This was a shame because the match had started as the sort of nothing game that might incline the teams to express themselves. With both so hopelessly adrift, a good crowd could look forward, at least, to studying the form of various internationals who might hope to feature in the Six Nations.
First up was Wales’s Taulupe Faletau, returning after 13 weeks out with a broken arm. He cruised through a gap in Wasps’ midfield, swatting aside Juan de Jongh and accelerating away as languidly as seems humanly possible for anyone, let alone those whose habitat is the brutality of the back row. He found Max Green on his shoulder, who scampered home.
Nathan Hughes, another back-row of Pacific heritage, showcased rather different qualities five minutes later. Wasps held the edge up front. They kicked to the corner three times in one series of penalties, finishing when Hughes somehow forced his long arm free to dot down on the line.
Then it was over to Zach Mercer, another back-row auditioning for the Six Nations, to take a turn on the catwalk. He has serious pace and power, which would serve any team well, international or otherwise. Max Wright’s delayed pass released him on a long run to the line in front of his home crowd, the kind of adrenaline surge that might incline anyone into instinctive celebration. Despite Bath falling foul of the premature celebration this season, he could not resist raising his arms swan-style as he galloped home. He got away with this one and Bath took a 12-10 lead into the break.
Yet another penalty, their ninth, yielded the points with which Wasps retook the lead just after the resumption. It also signalled the meandering of the match into indifference, the pointlessness of it all beginning to dawn. Bath won a penalty at a scrum but they slavishly followed the fashion these days of turning down points in favour of the corner. Perhaps they wanted the practice of a set piece. They need it. The ball went west, as did the prospect of any points.
Wasps obliged on the hour with a show of indiscipline of their own, Lima Sopoaga’s shoulder charge as obvious a yellow as any. Priestland finally elected to take the points and with them the lead. Bath could do nothing with the one-man advantage. Worse, another scrum penalty allowed Rob Miller to kick Wasps into the lead once more.

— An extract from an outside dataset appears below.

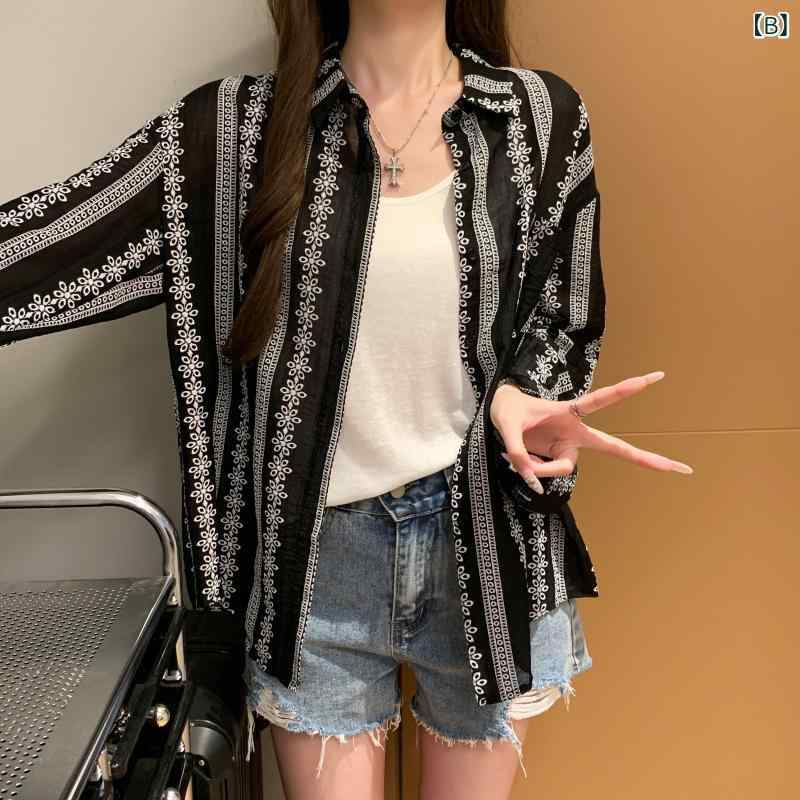 シャツ レディース トップス 長袖 薄手 通気性 日焼け止め 羽織り UVカット 軽量 ...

In the last 10 minutes Billy Searle missed an opportunity to extend that lead – from a scrum penalty, of course. Faletau and Francois Louw butchered a chance for Bath to do so with a more inspiring type of score, before Darren Atkins did the same. So it fell to Priestland to clinch the win in the most fitting manner. Ben Harris did not drive straight at a scrum – apparently. But by then no one really cared.